Causal-intervention-based definition of agency: followup papers from the https://causalincentives.com/ group and similar work, especially Discovering Agents and Interpreting Systems as Solving POMDPs
Mutual information or a refined form of a mutual empowerment metric as a key representation of what friendliness boils down to. eg, Mutual-Information Maximizing Interfaces or a followup as a key component of what it is we want a general AI to do with other agents in the first place. the key insight driving MIMI is that users' commands should become less noisy and more correlated with outcomes as the user becomes satisfied with the results of their actions.
MIMI relies on mutual information as a metric, mutual information is often used for empowerment objectives, and mutual empowerment seems to be a really promising component of mutual agency recognition and active desired-outcomes-protection, I've been summarizing this as "coprotection", contrast to the much larger set "cooperation" which includes adversarial behavior that is locally cooperative; jcannell's LOVE in a simbox is interesting. Here are two Review - Posts - of it, both more pessimistic than me. it seems to me at time of market creation that any possible successful agi safety mechanism involves something that looks like LOVE in a simbox as an intermediate step, in order to test the ideas.
Smooth cellular automata with conservation laws as the key testbed for agency detection and agent protection. eg, experiments focusing on intentionally creating artificial life in a smoothlife sim, then attempting to detect that life with a discovering-agents algorithm.
Boundaries and consent defined in terms of which patches of the smooth cellular automata belong to which detected agent, and key questions focused on whether the spatial boundaries of an agent receive unwanted interference, unwanted as defined by interference that interrupts the agents' shape with enough energy to push it out of a coherent trajectory
key moral objectives for the system defined in terms of ensuring that no agent's shape is forgotten for as long as the system's reversibility permits, and that no agent that wants to keep an ongoing form stops propagating its gliders
the integrated ai safety goal in this context is, I'd like to be able to say, given this cellular automata, let's find the gliders that add up to agents in it, discover what gliders or oscillators or fixed objects they're trying to preserve or create, and see if we can calculate what their boundaries need to be in order to not hurt each other. then figure out what the minimal intervention is that preserves them all, or so. for example, if we intentionally construct bubble of agency that tries to optimize a little piece of artistically-controlled non-agentic art glider system outside that bubble into a given form, can we detect that agency? and can we then recognize what it believes and try to help it out using, eg, a diffusion model, so that the agent has less work to do, but the art is still defined by the in-system agent's work?

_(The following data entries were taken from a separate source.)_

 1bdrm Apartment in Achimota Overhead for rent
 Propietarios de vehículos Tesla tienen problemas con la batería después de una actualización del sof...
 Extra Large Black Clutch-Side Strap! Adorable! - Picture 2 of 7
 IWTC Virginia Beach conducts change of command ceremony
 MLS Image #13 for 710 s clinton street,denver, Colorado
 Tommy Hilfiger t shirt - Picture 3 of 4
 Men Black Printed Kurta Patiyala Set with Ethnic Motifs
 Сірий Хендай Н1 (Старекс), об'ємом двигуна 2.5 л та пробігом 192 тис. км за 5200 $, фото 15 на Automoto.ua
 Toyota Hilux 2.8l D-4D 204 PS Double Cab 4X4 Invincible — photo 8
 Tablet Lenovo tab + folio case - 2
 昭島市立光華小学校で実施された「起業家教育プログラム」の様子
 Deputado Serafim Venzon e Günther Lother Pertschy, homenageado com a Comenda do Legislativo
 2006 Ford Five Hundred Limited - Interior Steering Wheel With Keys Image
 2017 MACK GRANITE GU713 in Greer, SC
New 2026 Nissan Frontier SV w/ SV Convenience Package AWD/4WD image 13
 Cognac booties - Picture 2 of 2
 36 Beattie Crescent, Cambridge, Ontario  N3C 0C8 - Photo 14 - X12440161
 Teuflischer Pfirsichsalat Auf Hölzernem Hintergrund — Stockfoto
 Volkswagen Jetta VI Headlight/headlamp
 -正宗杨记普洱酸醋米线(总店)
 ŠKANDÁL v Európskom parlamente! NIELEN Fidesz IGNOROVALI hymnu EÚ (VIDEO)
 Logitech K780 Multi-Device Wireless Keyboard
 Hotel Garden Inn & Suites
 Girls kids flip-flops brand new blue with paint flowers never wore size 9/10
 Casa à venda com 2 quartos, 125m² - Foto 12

Formal verification used on simplified models judiciously to check that the trajectories defined by the objective are stable and not inclined to get in fights with any internally-generated agents
formal verification on trained models (or possibly training algorithms) to check that there are no adversarial examples within an l2 ball according to a given objective
natural abstractions as a reason to believe these other components are working correctly, and primarily relevant to the degree that it helps with ELK
ELK primarily as a way to train the augmentation net to reduce circuitry that interferes with honesty, so that the agent bubbles in the cellular automata are preserved
stretch goal: the augmentation agent is also in the cellular automata, rather than being a separate god-like diffusion model that interferes in the sim
it seems like most of safety boils down to a trustable uncertainty representation. the thing I want to formally verify is that the net knows when to stop and ask the detected agent whether an outcome it expects is appropriate.
if I could truly trust that a system that otherwise has been trained to do what I want will notice if it gets unsure if it's doing what I want, and then stop to double-check its objective, then we're almost done.
I will not bet. I will edit only to clarify.